Introduce ep-as-cp customized logical rule by NuojCheng · Pull Request #3656 · AI-Hypercomputer/maxtext

NuojCheng · 2026-04-14T00:25:37Z

Description

Note: This PR should be merged after #3607.

This PR introduces a new custom mesh and rule, ep-as-cp, and deprecates the expert_shard_attention_option flag.

Key Changes

Enabled via custom_mesh_and_rule=ep-as-cp, this rule supports DP, PP, FSDP, and EP. Under this setup, EP functions as CP everywhere except within the core MoE components (specifically, the layers between EP all-to-all communications).
Introduces a new string flag (defaulting to "context") to explicitly designate which physical axis serves as context parallelism. This is required because CP is utilized in the data pipeline and attention load balancing, and this axis mapping cannot be easily inferred from the custom logical rules alone.
The new ep-as-cp mesh and rule are validated by the dump sharding tests.

Tests

Functionality Check

The most straightforward way to verify the ep-as-cp implementation is by running an experiment using a fractional batch size. To test the implementation, we ran the following experiments:

Experiment 1: Real Training

Topology: v5p-8 (4 devices)
Sharding: FSDP=2, EP=2
Batch Size: PDB=0.5
Model: model_name=deepseek3-test
Log: https://paste.googleplex.com/5983807506350080

Experiment 2: Training Compilation

Topology: tpu7x-256 (256 devices)
Sharding: FSDP=64, EP=4
Batch Size: PDB=0.25
Model: model_name=deepseek3-671b
Flags: use_ring_of_experts=true
Log: https://paste.googleplex.com/4811773317349376

Experiment 3: Default vs. `ep-as-cp` (debug_sharding diff)

Same configuration as Experiment 1, except with pdb=1.
Diff: https://diff.googleplex.com/#key=g1MUoGqjDzql

Experiment 4: Training compilation large

Topology: tpu7x-8192 (8192 devices)
Sharding: FSDP=128 EP=8 PP=8
Batch Size: PDB=0.25
Model: model_name=deepseek3-671b
Flags: https://paste.googleplex.com/6381544026537984
Output: Compilaiton succeeds.

Correctness Check

To verify loss correctness, we evaluated the following configuration:

Topology: v5p-8
Sharding Comparison: FSDP=2 + CP=2 vs. FSDP=2 + EP (as CP)=2
Batch Size: per_device_batch_size=1
Model: model_name=deepseek3-test

Note: We compare FSDP=2 + CP=2 against FSDP=2 + EP (as CP)=2 to ensure an apples-to-apples comparison, as CP directly impacts input data pipelining (CP load balancing).

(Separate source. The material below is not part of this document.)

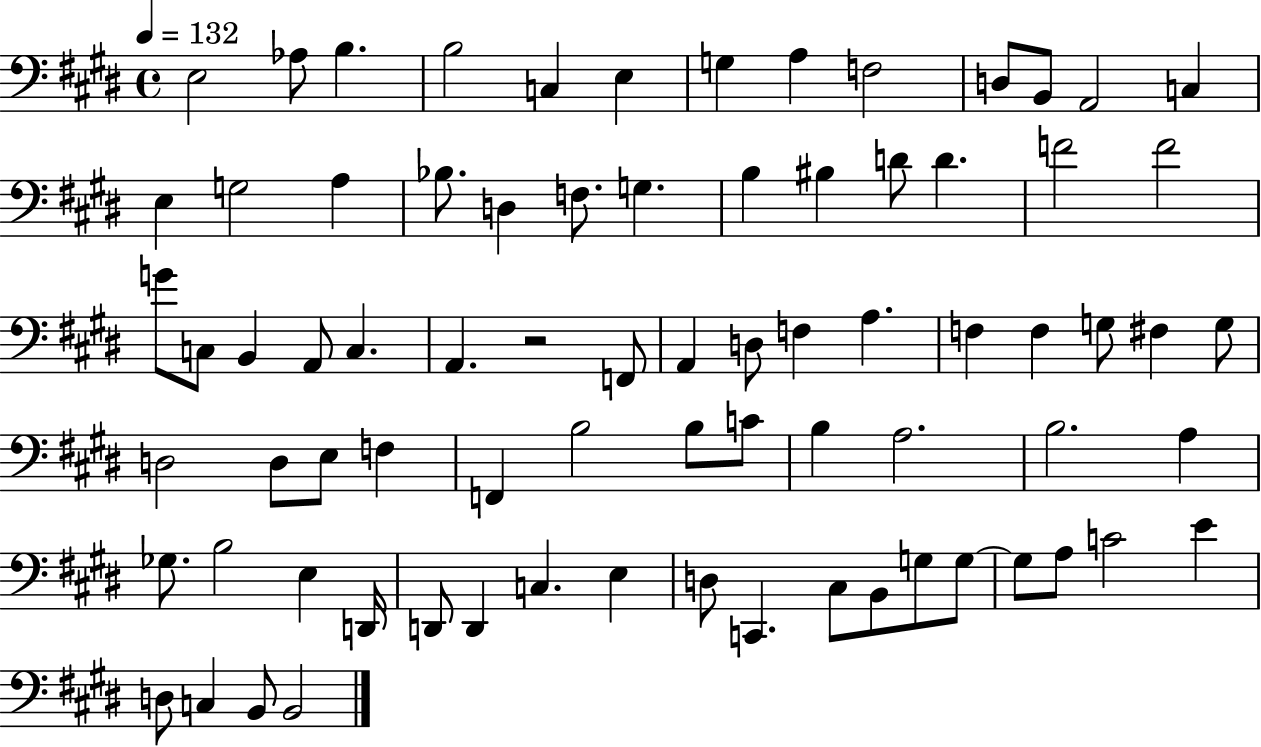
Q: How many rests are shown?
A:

Diff: https://diff.googleplex.com/#key=wY3v1dUv5eI7

Result: The losses match within a reasonable tolerance.

Performance Check

To evaluate the performance implications, we compared FSDP + EP (as FSDP) against FSDP + EP (as CP) using the following configuration:

Topology: v5p-8 (4 devices)
Sharding: FSDP=2, EP=2
Batch Size: PDB=1
Model: model_name=deepseek3-test
Diff: https://diff.googleplex.com/#key=u2vncodwZBrP

Result: Using EP as CP incurs a general performance penalty. However, this configuration is specifically designed for, and highly beneficial in, two scenarios:

Long-context training: To prevent OOM errors.
Strong scaling: When a fractional batch size is strictly required.

Diff with Previous Implementation

Finally, we compared the sharding and performance of this PR against the previous implementation (using the expert_shard_attention_option flag). For an accurate baseline, we compared against commit 9777a4cf9574f3d10c591e25450cea1b1dde7e01 (April 3rd), which is isolated from recent changes.

Configuration:

Topology: v5p-8
Model: model_name=deepseek3-test
Batch Size: per_device_batch_size=1 (Fractional batch size is unsupported by the old flag).
Diff: https://diff.googleplex.com/#key=AsrXm1JknryF

Checklist

Before submitting this PR, please make sure (put X in square brackets):

I have performed a self-review of my code. For an optional AI review, add the gemini-review label.
I have necessary comments in my code, particularly in hard-to-understand areas.
I have run end-to-end tests tests and provided workload links above if applicable.
I have made or will make corresponding changes to the doc if needed, including adding new documentation pages to the relevant Table of Contents (toctree directive) as explained in our documentation.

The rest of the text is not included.